SOURCE DATA START

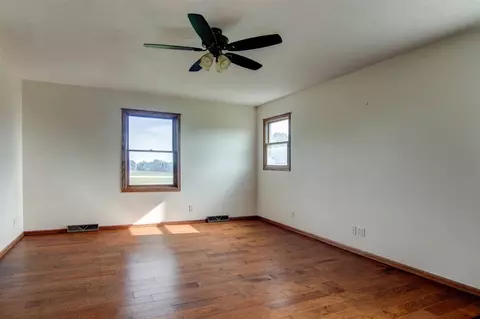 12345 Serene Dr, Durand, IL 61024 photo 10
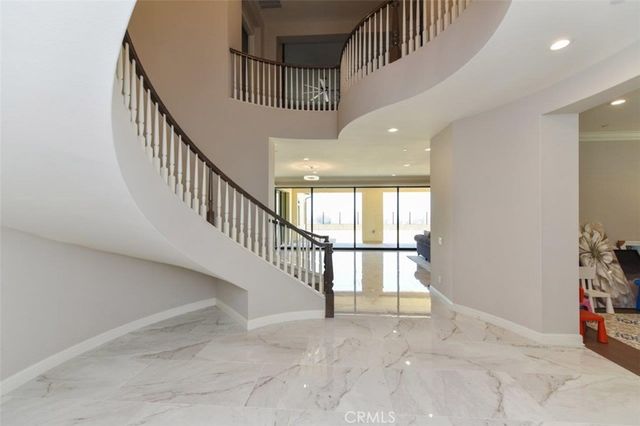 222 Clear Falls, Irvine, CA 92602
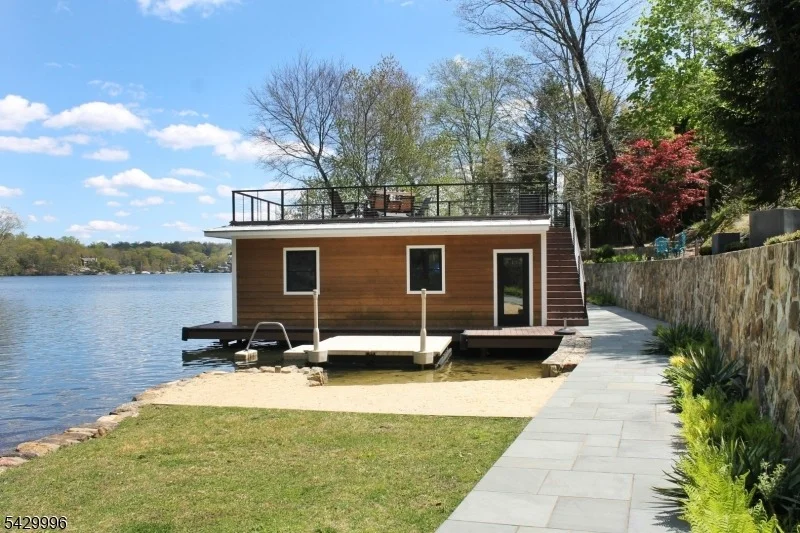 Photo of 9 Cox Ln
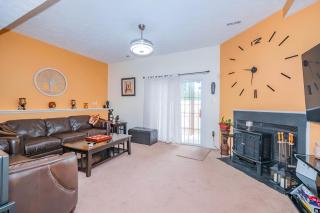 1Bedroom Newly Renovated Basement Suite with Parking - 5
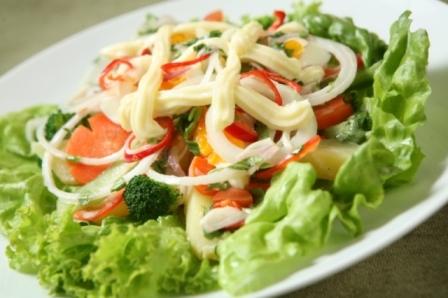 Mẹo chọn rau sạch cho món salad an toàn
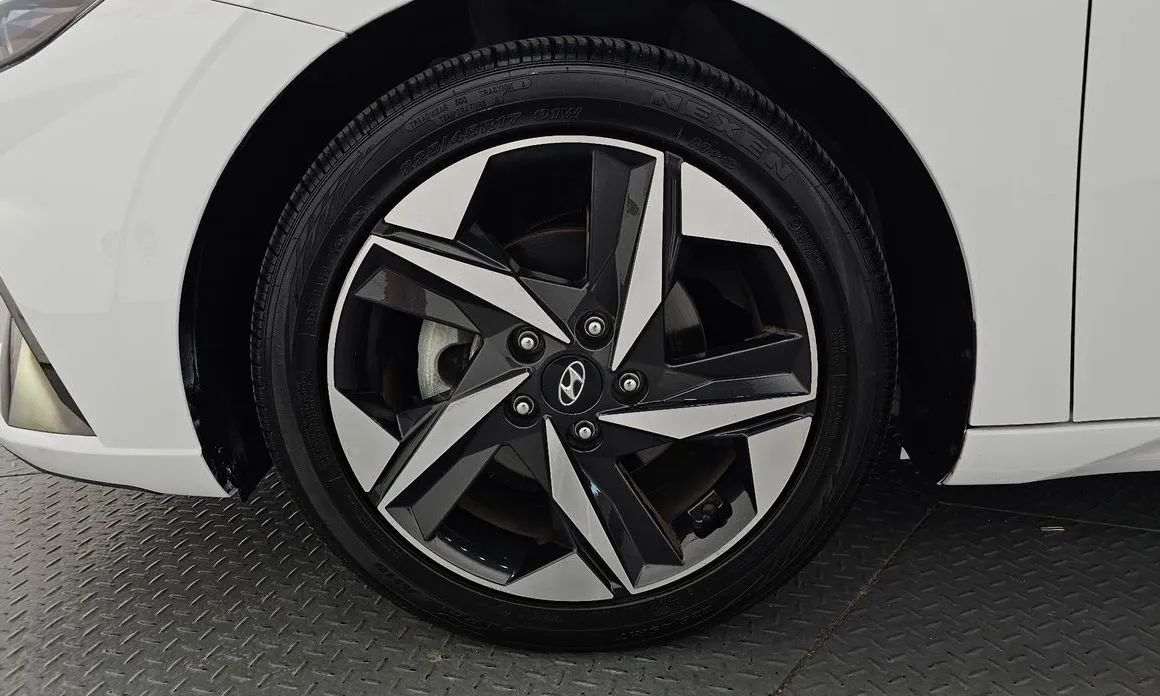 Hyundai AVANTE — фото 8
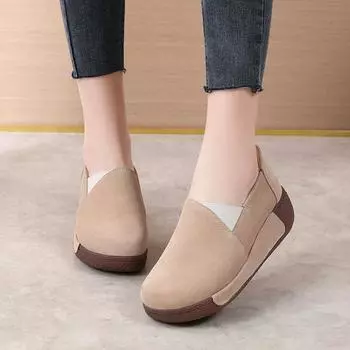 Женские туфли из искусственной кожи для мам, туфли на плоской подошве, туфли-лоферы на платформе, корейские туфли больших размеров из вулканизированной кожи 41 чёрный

SOURCE DATA END

- _WHAT YOU SHOULD DO_
All records above are to be output verbatim, with their pictures omitted.

- _WRITTEN SOLUTION_
 12345 Serene Dr, Durand, IL 61024 photo 10
 222 Clear Falls, Irvine, CA 92602
 Photo of 9 Cox Ln
 1Bedroom Newly Renovated Basement Suite with Parking - 5
 Mẹo chọn rau sạch cho món salad an toàn
 Hyundai AVANTE — фото 8
 Женские туфли из искусственной кожи для мам, туфли на плоской подошве, туфли-лоферы на платформе, корейские туфли больших размеров из вулканизированной кожи 41 чёрный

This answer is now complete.